Macrophages are known to undergo apoptosis during the resolution of inflammation in the lungs, however the mechanisms that regulate macrophage cell death are not known. The appropriate time frame during which macrophages must be removed to resolve inflammation and complete tissue repair also remains unknown. Addressing these gaps in knowledge is of significant importance since persistence of macrophages in inflammatory lesions is associated with tissue injury, abnormal tissue repair and even fibrosis. Our data show that activation of the death receptor, Fas, drives the apoptosis of recruited macrophages in self-limited models of acute lung injury and that macrophage apoptosis is reduced in non-resolving models of acute lung injury (ALI). Based on our preliminary data, we hypothesize that the anti-apoptotic molecule, cellular FLICE inhibitory protein (c-FLIP) is a critical regulator of macrophage apoptosis, and that c-FLIP prevents appropriately timed macrophage apoptosis in non-resolving forms of acute lung injury. This hypothesis will be tested in mouse models of ALI and in macrophages obtained from human subjects with the acute respiratory distress syndrome. Mouse models of ALI will also be used to determine the optimal time during which macrophages must be cleared from the lungs to terminate inflammation and the pathologic consequences of delayed macrophage apoptosis. Achieving the aims of this proposal will provide important insights into the biologic mechanisms that regulate the termination of inflammation and affect tissue repair, paving the way for novel therapies to treat non-resolving ALI and other forms of inflammatory lung disease.

Public Health Relevance

Lung injury (ALI) and its more severe form, the acute respiratory distress syndrome (ARDS), affect over 190,000 individuals in the United States each year, accounting for over 75,000 deaths, 3.6 million hospital days and $350 million in direct health care costs. During ALI there is massive expansion of macrophages in the lungs.
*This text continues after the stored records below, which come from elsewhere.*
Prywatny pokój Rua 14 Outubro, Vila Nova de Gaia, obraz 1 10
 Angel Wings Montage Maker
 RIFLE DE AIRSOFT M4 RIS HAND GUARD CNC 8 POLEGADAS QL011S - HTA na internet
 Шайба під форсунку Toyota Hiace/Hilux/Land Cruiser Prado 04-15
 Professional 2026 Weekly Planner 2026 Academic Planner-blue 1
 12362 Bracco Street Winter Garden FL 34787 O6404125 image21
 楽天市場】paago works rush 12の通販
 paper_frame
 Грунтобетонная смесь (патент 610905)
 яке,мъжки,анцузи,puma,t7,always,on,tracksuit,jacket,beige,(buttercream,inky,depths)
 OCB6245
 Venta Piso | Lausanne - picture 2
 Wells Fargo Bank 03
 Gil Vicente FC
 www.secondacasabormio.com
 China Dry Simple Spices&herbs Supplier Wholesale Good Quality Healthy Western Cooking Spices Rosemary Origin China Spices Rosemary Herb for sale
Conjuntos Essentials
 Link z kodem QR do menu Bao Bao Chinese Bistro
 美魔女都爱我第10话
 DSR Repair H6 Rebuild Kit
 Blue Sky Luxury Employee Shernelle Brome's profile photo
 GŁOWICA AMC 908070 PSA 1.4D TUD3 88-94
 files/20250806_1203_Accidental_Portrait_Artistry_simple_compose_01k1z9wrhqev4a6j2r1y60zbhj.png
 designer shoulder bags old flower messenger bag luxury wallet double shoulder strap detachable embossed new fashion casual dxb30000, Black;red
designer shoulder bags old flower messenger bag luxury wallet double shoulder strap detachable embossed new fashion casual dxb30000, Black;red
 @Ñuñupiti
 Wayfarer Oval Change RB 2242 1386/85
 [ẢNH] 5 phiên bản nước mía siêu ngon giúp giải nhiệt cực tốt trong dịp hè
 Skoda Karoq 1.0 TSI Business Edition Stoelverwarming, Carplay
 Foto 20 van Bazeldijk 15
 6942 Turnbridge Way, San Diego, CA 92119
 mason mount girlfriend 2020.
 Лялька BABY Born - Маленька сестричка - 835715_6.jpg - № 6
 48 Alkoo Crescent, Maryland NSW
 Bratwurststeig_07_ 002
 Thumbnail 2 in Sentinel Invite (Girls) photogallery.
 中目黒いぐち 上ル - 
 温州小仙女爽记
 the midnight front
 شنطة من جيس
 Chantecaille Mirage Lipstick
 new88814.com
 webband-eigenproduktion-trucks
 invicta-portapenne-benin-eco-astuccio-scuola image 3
We believe that programmed cell death (apoptosis) of these cells is required for recovery from ALI and that scarring develops in the lungs when macrophages are resistant to cell death. This proposal will help identify the mechanisms that underlie acute lung injury and pave the way for novel therapies for this disease.

National Institute of Health (NIH)
National Heart, Lung, and Blood Institute (NHLBI)
Research Project (R01)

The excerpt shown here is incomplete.